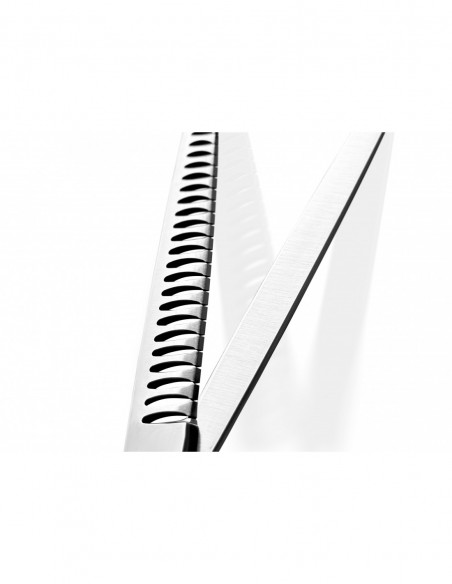 Sentaku Pets NASKA 24 Teeth - Chunker Thinning Shears with Wide Teeth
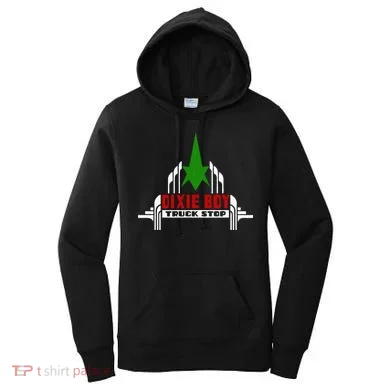 Women's Hoodie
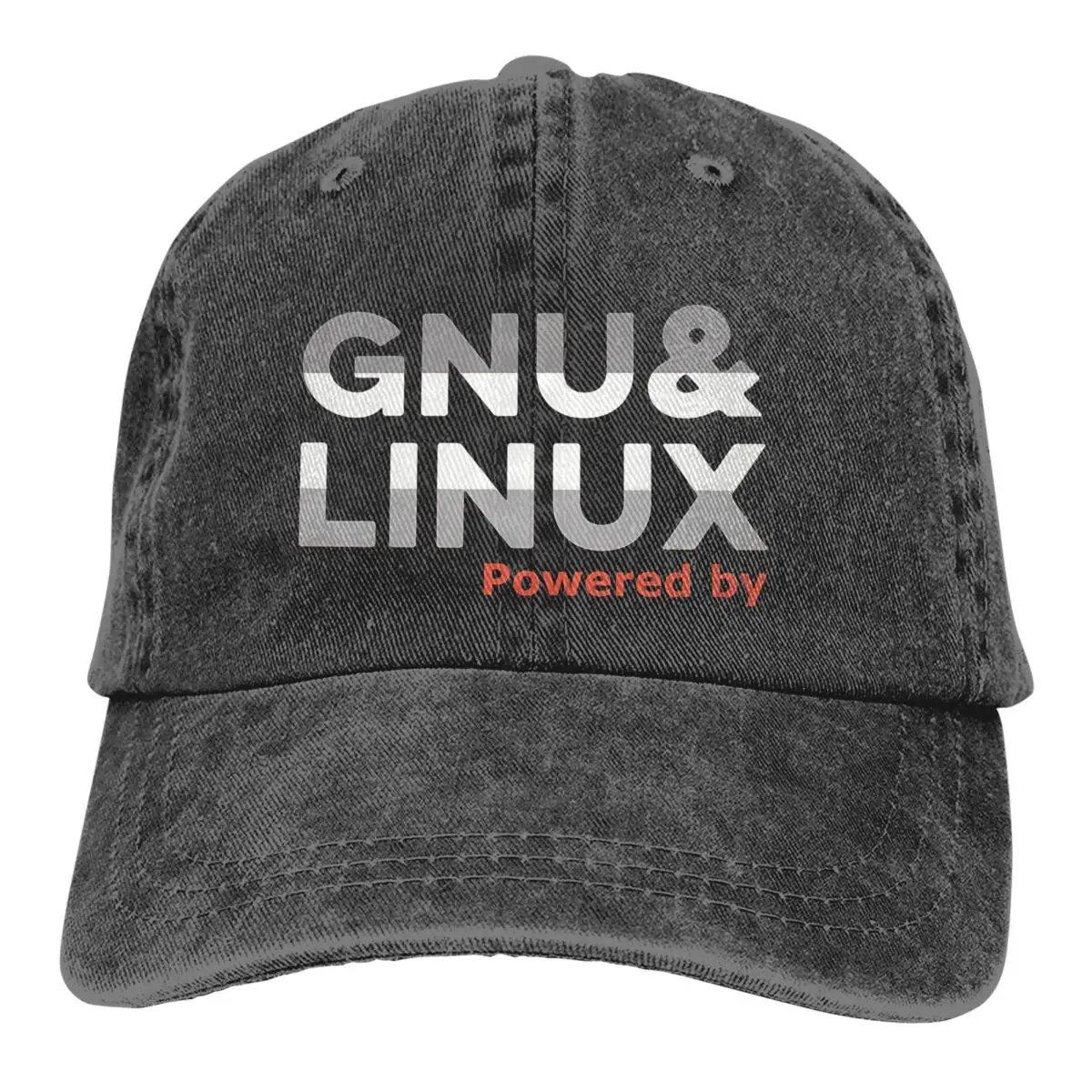 

Промытая Мужская бейсболка, бейсболки с грузовиком на LINUX и LINUX, бейсболки, головной убор для папы, головной убор с программируемым кодом для компьютера, головные уборы для гольфа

TASK ITEM:
Once the pictures are set aside, output all of the data above verbatim.

OUTPUT:
 Sentaku Pets NASKA 24 Teeth - Chunker Thinning Shears with Wide Teeth
 Women's Hoodie

Промытая Мужская бейсболка, бейсболки с грузовиком на LINUX и LINUX, бейсболки, головной убор для папы, головной убор с программируемым кодом для компьютера, головные уборы для гольфа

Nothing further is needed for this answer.